THE SOFT WET EMBRACE

At three o'clock in the morning on the final day of a work-week it is likely that a rational person will realize that for the last couple of days they have not been entirely sane. Fortunately most of the people I associate with are cool with that. Eric, for instance, was batshit crazy at the same time that Marie was high on life in America (Friday night), which is also when the drunken gentlemen from The House of Pee (not the correct name of that establishment) were screaming and tweaking, Yanni was non-compos mentis (five day bachelor party), Roger was dealing with an exploding pipe near the dish washing machine, and two English-speaking foreigners were discovering that San Francisco has a far wider spectrum of genderish sizes and shapes than they were familiar with in Sweden. Please don't ask about that last item; I didn't want to know that, could have live the rest of my life without ever hearing the details, and was only interested in smoking my pipe outside, freezing my buns off in the purple rain fog.

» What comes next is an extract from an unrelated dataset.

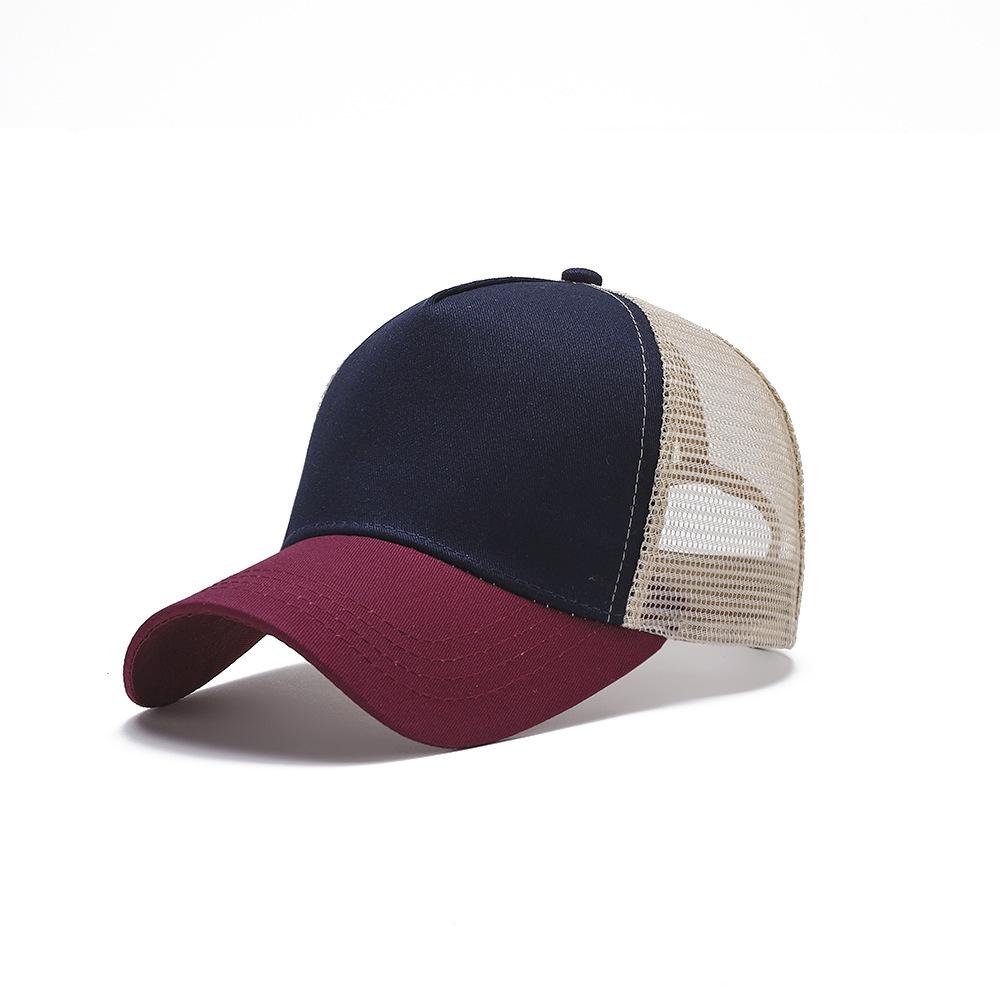 Blank 5 Pane Mesh Baseball Cap Mens And Women Curved Snapback Hats Summer Sunshade Sun Hat Simple Trucker Cap Gorras Casquette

At my age, buns in the fog are a concept.

And yes, I am NOT old. Dammit.

Statler, Waldorf.


My Friday, only your Tuesday. Tomorrow I may have Baked Portuguese Chicken Rice (焗葡國雞飯). Which will send my cholesterol through the roof, and give me the energy to go up twenty storeys of bamboo scaffolding in a typhoon for another ten hours. Mmm, good. Heart attack on a plate.


I just spent twenty minutes in the kitchen finishing my pipe. Closed door, wide open window, apartment mate who hates tobacco. And a lessening of arterial elasticity, which under the wrong circumstances leads to near-paralysis, profound belly-aching, whining in a cringy fashion, and, if further from the apartment than tonight, a taxi.

I stumble around, kvetching.

The fog up at Larkin and Clay swirls beautifully, silvery billows, glowing and soft-bright. Down at Polk Street, a black gentleman whom I've known for two decades clutches an un-opened wine bottle (good lord, is that Rosé? No one drinks that bocht, it's what you bring to hippie / swinger parties!), and the pot-holed pavement looks "adventurous" in the white metallic haze.
Two shots of Loch Cheapbasterd Scotch. The pipe is now on the table near my chair. I had brought a second pipe, but I had such a good time talking to rational people and a long-haired small dog sitting on the bar that I drank less, and was not outside enough to need it.